"""
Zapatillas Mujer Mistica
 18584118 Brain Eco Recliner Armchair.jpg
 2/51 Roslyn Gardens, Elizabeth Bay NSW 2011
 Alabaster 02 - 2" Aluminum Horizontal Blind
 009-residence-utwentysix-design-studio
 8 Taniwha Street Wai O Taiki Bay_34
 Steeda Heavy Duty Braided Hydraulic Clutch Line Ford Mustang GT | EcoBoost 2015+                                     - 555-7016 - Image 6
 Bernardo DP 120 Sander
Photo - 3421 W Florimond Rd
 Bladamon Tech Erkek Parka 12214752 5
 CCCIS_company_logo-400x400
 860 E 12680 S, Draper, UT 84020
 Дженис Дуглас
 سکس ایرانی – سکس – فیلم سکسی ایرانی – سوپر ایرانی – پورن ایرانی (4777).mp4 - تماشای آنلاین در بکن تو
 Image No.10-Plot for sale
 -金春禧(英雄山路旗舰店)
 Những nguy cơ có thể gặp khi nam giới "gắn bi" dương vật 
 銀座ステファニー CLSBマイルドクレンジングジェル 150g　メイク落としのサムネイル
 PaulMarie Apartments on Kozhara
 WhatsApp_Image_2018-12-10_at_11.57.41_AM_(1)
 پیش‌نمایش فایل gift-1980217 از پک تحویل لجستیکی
"""
Instructions for the task - Would you quote everything above from the line containing "Дженис Дуглас" down to the line containing "銀座ステファニー CLSBマイルドクレンジングジェル 150g　メイク落としのサムネイル"? Include both of those lines and nothing else.

Response area -
 Дженис Дуглас
 سکس ایرانی – سکس – فیلم سکسی ایرانی – سوپر ایرانی – پورن ایرانی (4777).mp4 - تماشای آنلاین در بکن تو
 Image No.10-Plot for sale
 -金春禧(英雄山路旗舰店)
 Những nguy cơ có thể gặp khi nam giới "gắn bi" dương vật 
 銀座ステファニー CLSBマイルドクレンジングジェル 150g　メイク落としのサムネイル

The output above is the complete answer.